* DATA BELOW
....
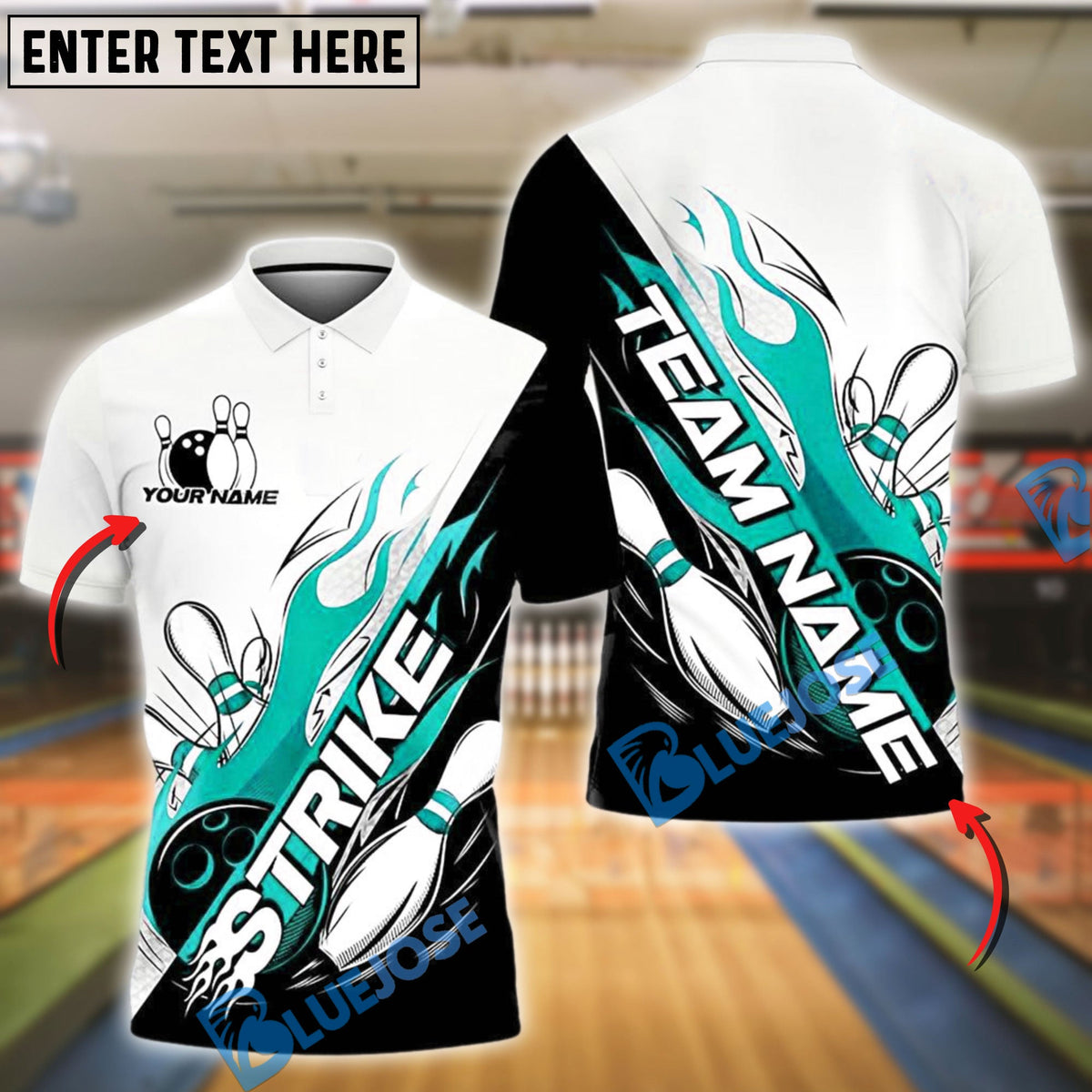 BlueJose Bowling And Pins Flame Strike Customized Name, Team Name 3D Shirt (4 Colors)
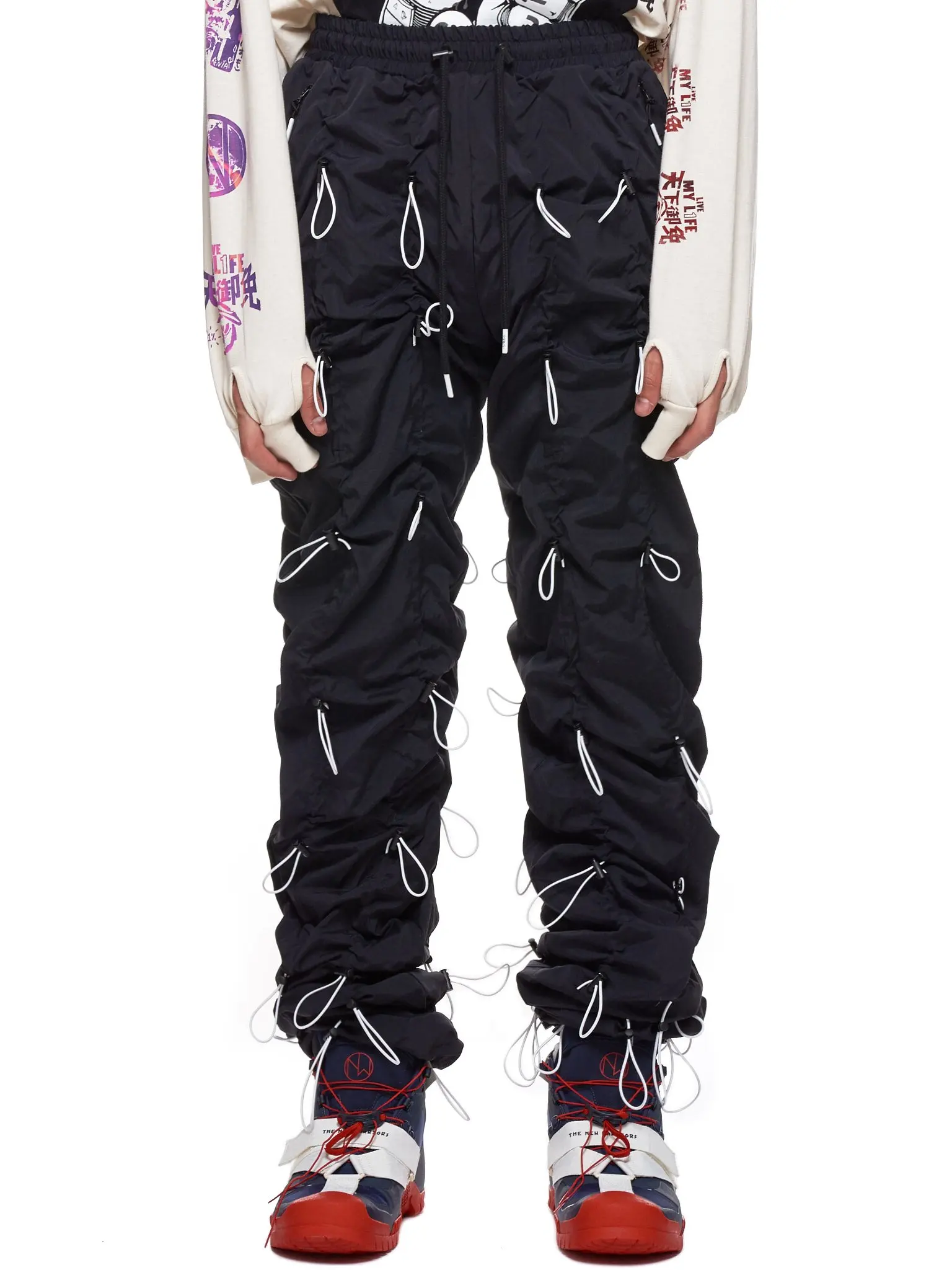 Ruched Toggle Nylon Stacked Jogger Pants Men Spring 2023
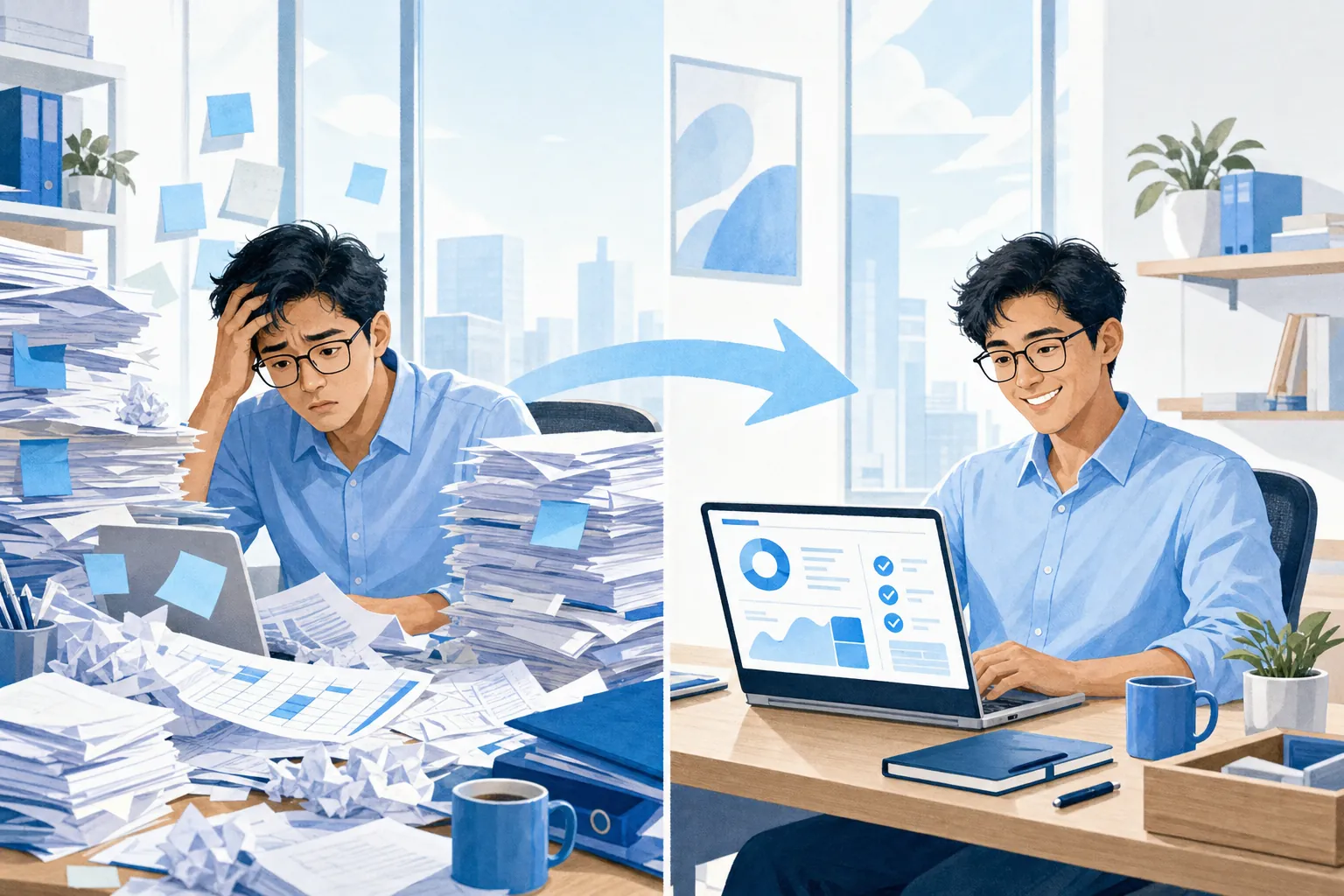 An office worker buried in spreadsheets and sticky notes, and the same person relaxed at a tidy training dashboard.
....
* AIM OF THE EXERCISE
For this exercise, retype the data above exactly and skip every image.

* ANSWER BOX
 BlueJose Bowling And Pins Flame Strike Customized Name, Team Name 3D Shirt (4 Colors)
 Ruched Toggle Nylon Stacked Jogger Pants Men Spring 2023
 An office worker buried in spreadsheets and sticky notes, and the same person relaxed at a tidy training dashboard.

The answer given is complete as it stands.